In this workshop, we seek to bring together researchers working on generative models for 3D shapes, humans, and scenes to discuss the latest advances, existing limitations and next steps towards developing generative pipelines capable of producing fully controllable 3D environments with multiple humans interacting with each other or with objects in the scene. In the last few years, there has been significant progress in generating 3D objects, humans, and scenes independently, but only recently has the research community shifted their attention towards generating meaningful dynamics and interactions between humans or humans and other scene elements. To this end, in our workshop we look forward to cover the following topics:
- Representations: What is the most appropriate representation for generating meaningful high-quality 3D textured objects? What is the best representation that can enable intuitive control over the generated objects? How can we effectively represent interactions between humans and objects?
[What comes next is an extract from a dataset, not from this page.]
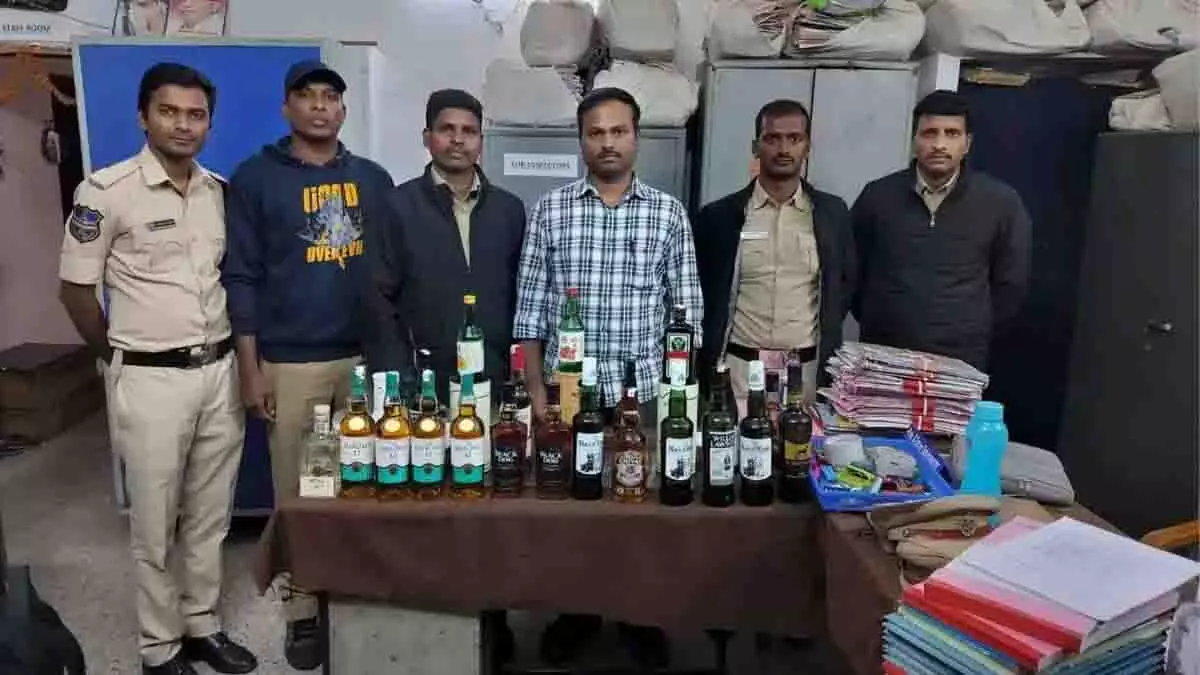 Telangana एक्साइज डिपार्टमेंट ने शमशाबाद में 40 शराब की बोतलें ज़ब्त कीं Telangana एक्साइज डिपार्टमेंट ने शमशाबाद में 40 शराब की बोतलें ज़ब्त कीं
- Modelling: How can we construct powerful models that can reliably generate humans performing plausible real life activities? How can we construct an accurate 3D model of our world that could allow us to manipulate both the appearance of the scene elements as well as their spatial composition?
- Common Sense Reasoning and Knowledge: How can we incorporate common sense knowledge about 3D objects and scenes, such as part structures, arrangements of objects from Large Language Models and Vision Language Models to enable training with fewer data?
- Applications: How can we leverage 2D priors to enable photo-realistic 3D content creation? What are the creative tools that designers and product designers really need make their workflow more efficient? Are there new fields that could benefit from generative AI, such as construction and agriculture?
- Risks and Ethical Considerations: What are the ethical implications that arise from artificially-generated 3D content and how we can address them?